Tasmin Little: Goossens

Tasmin Little: Goossens

The Strad Issue: March 2020
Description: Benchmark recording of big-hitting but underrated 20th-century concerto
Musicians: Tasmin Little (violin) Melbourne Symphony Orchestra/Andrew Davis
Works:: Goossens: Orchestral Works vol.3: Phantasy Concerto; Symphony no.2
Catalogue Number: CHANDOS CHSA5193 

Like Britten and Shostakovich before him, Eugene Goossens sets up a tension in his four-movement, symphonic Violin Concerto of 1948 that is only resolved at length by the finale. Walton’s Concerto of 1939 is the obvious point of contact, however, not only for the bittersweet orchestral harmony but also the glinting brilliance of its solo part, devised with Heifetz in mind, and now revived with all the requisite passion and assurance by Tasmin Little.

Goossens was not the first composer to find his efforts snubbed by Heifetz, however, and the concerto had to wait until 1959 for a radio broadcast premiere, followed by a live performance directed by the composer at the BBC Proms in 1960. A record of the occasion has surfaced on YouTube, and for all the old-school projection and cantabile phrasing of soloist Tessa Robbins, it can’t rival the urgency of Little’s opening statement, her spiccato passagework like shards of flying steel in the Scherzo or the stillness and Holstian desolation cultivated by both Little and Davis in the concise slow movement. Amid a shoal of so-called underrated English orchestral works of the last century, Goossens’s concerto is a big fish. I can’t imagine it done better.

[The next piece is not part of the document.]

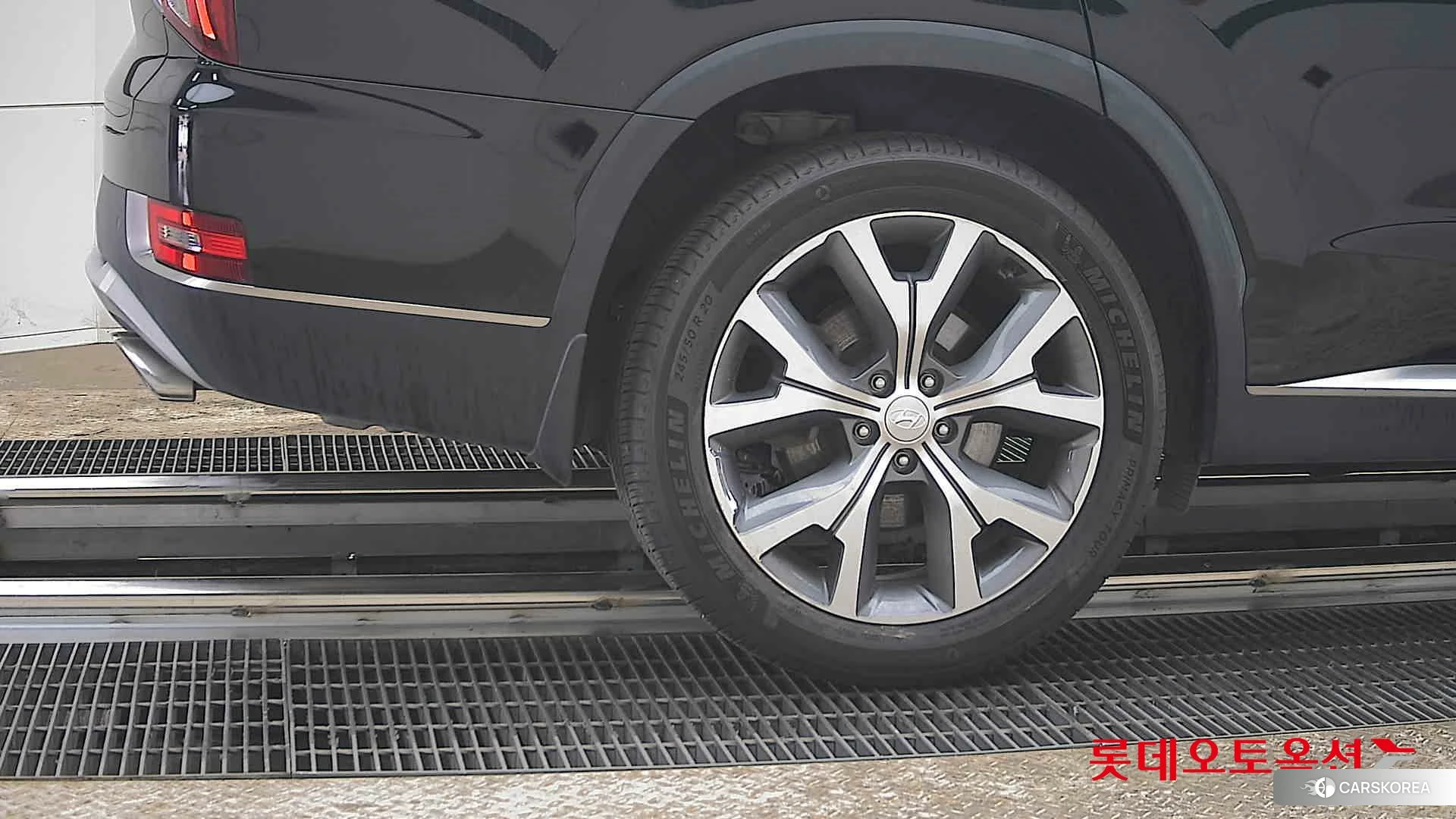 Hyundai Palisade id 3875803 из Кореи 16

The Second Symphony shares the concerto’s nervous, post-war intensity and Bartókian orchestration as well as its questing nature and conviction that old bottles may still hold a fine new vintage. The symphony would bring down the house at the Proms, especially directed by Davis, who knows the idiom inside out and secures a nimble, dynamic response from his Melbourne orchestra, recorded with ample depth and space in the concert hall at Monash University. Outstanding all round.